The State Department released the report just as the United States announced $185 million in new funding for Rohingya refugees during a meeting at the United Nations on Myanmar.
The State Department study, based on interviews in April with 1,024 Rohingya adults who have taken refuge in neighbouring Bangladesh, provided accounts consistent with reports from human rights groups but kept largely to dispassionate descriptions of events. The report notably avoided using the terms genocide or ethnic cleansing to describe the mass killings of the Rohingya, a mostly Muslim group concentrated in Rakhine state that is despised by many in Buddhist-majority Myanmar and who are not considered citizens.
"The survey reveals that the recent violence in northern Rakhine State was extreme, large-scale, widespread and seemingly geared toward both terrorizing the population and driving out the Rohingya residents," said the report by the State Department´s Bureau of Intelligence and Research. "The scope and scale of the military´s operations indicate they were well-planned and coordinated," it said. "In some areas, perpetrators used tactics that resulted in mass casualties, for example locking people in houses to burn them, fencing off entire villages before shooting into the crowd or sinking boats full of hundreds of fleeing Rohingya."
The report said that 82 percent of the interviewed refugees personally witnessed killings, with 51 percent also reporting sexual violence. The State Department said that witnesses hailing from multiple villages reported similar rapes, in which military men would force all the women to leave their homes.
"They would then choose a smaller number of women -- often four or five, but some refugees reported up to 20 -- whom as many 15 soldiers would then take to fields, forests, houses, schools, mosques or latrines to gang rape," it said.
"Many victims were reportedly killed afterwards, though not in all cases," it said, adding that soldiers in some cases would go door to door to find the "´prettiest´ girls" to gang-rape. In an overwhelming 88 percent of cases, the witnesses said that the military was behind atrocities.
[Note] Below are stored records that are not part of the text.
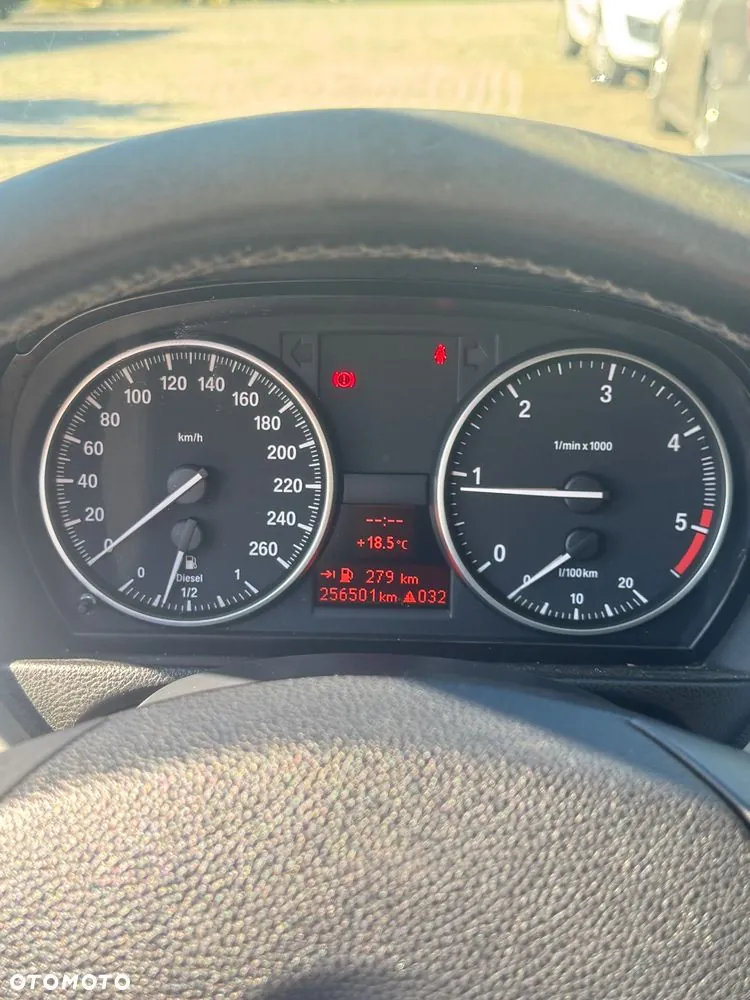 BMW Seria 3 2008 photo 2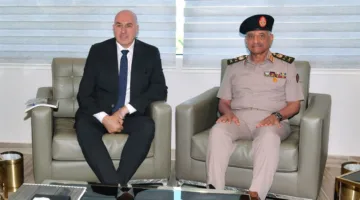 الفريق أول عبدالمجيد صقر يجتمع بوزير دفاع إيطاليا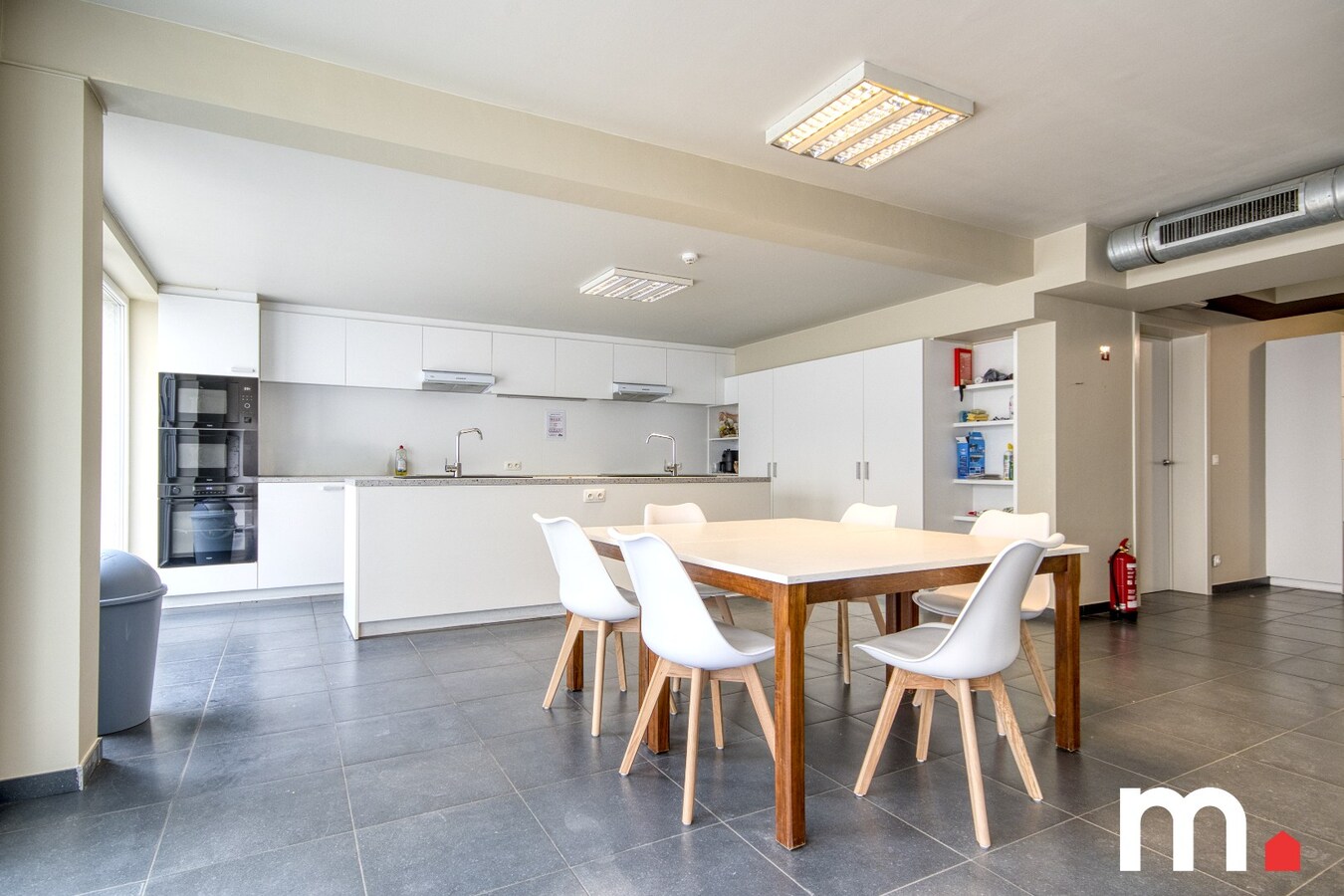 Studentenkamer - Interessante investering op toplocatie in Kortrijk nabij het centrum! 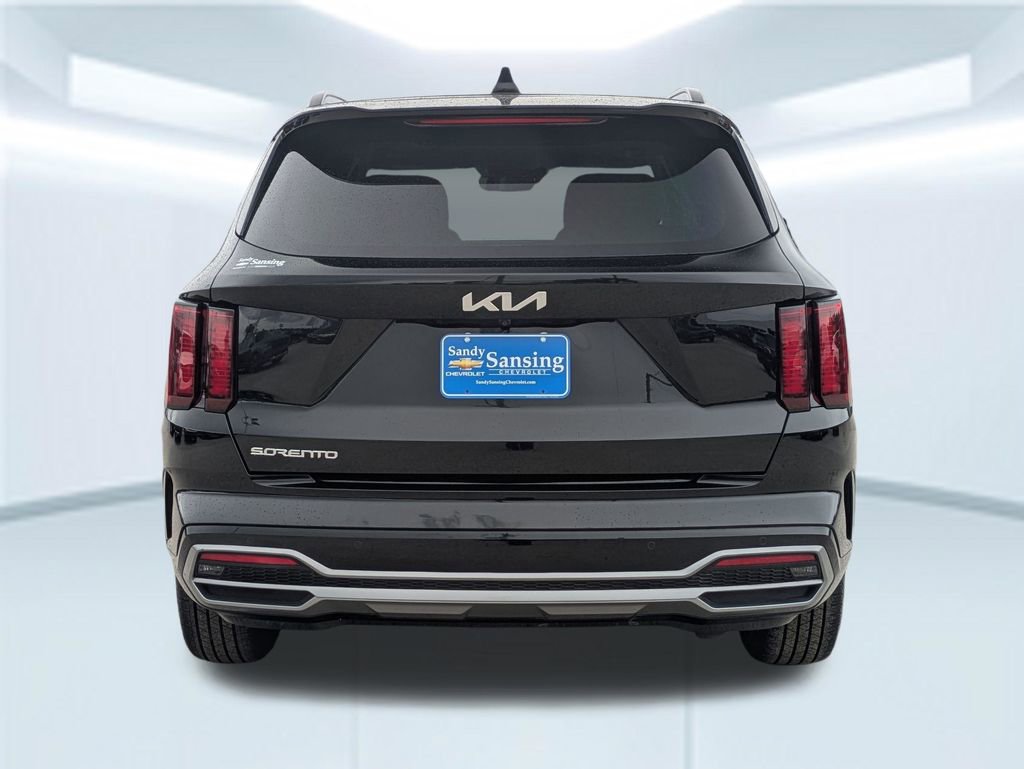 Used 2023 Kia Sorento EX w/ Panoramic Sunroof Package FWD image 5
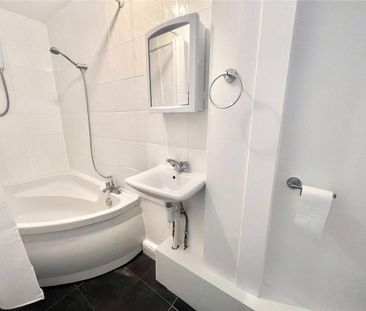 4 bedroom terraced house to rent - Photo 5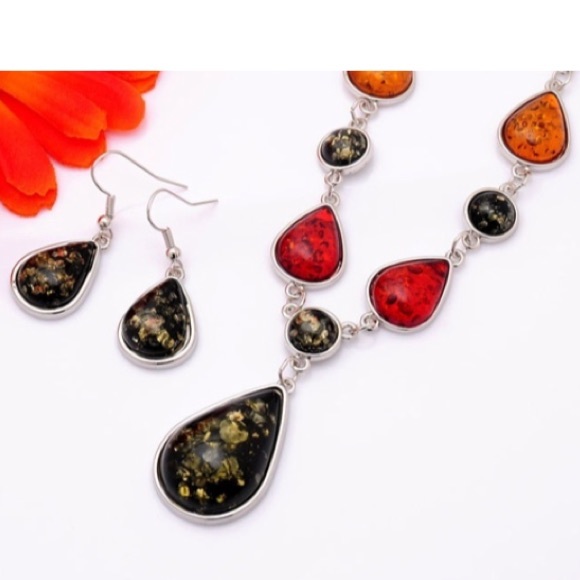 Multicolored Amber Pendant & Earrings Set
Few said they saw attacks against them by the Arakan Rohingya Salvation Army (ARSA), the Islamic militant group whose assaults on military posts in October 2016 triggered the crackdown.
The violence in Myanmar, formerly known as Burma, was unleashed soon after the country transitioned to democracy, undermining what Western governments had hailed as a triumph of engagement.
The campaign against the Rohingya has especially tarnished the international reputation of Aung San Suu Kyi, the long-detained democracy advocate and Nobel laureate who has been reticent in addressing the violence. More than 700,000 Rohingya have taken refuge in Bangladesh, fearful of returning to Myanmar despite a repatriation deal between the two countries.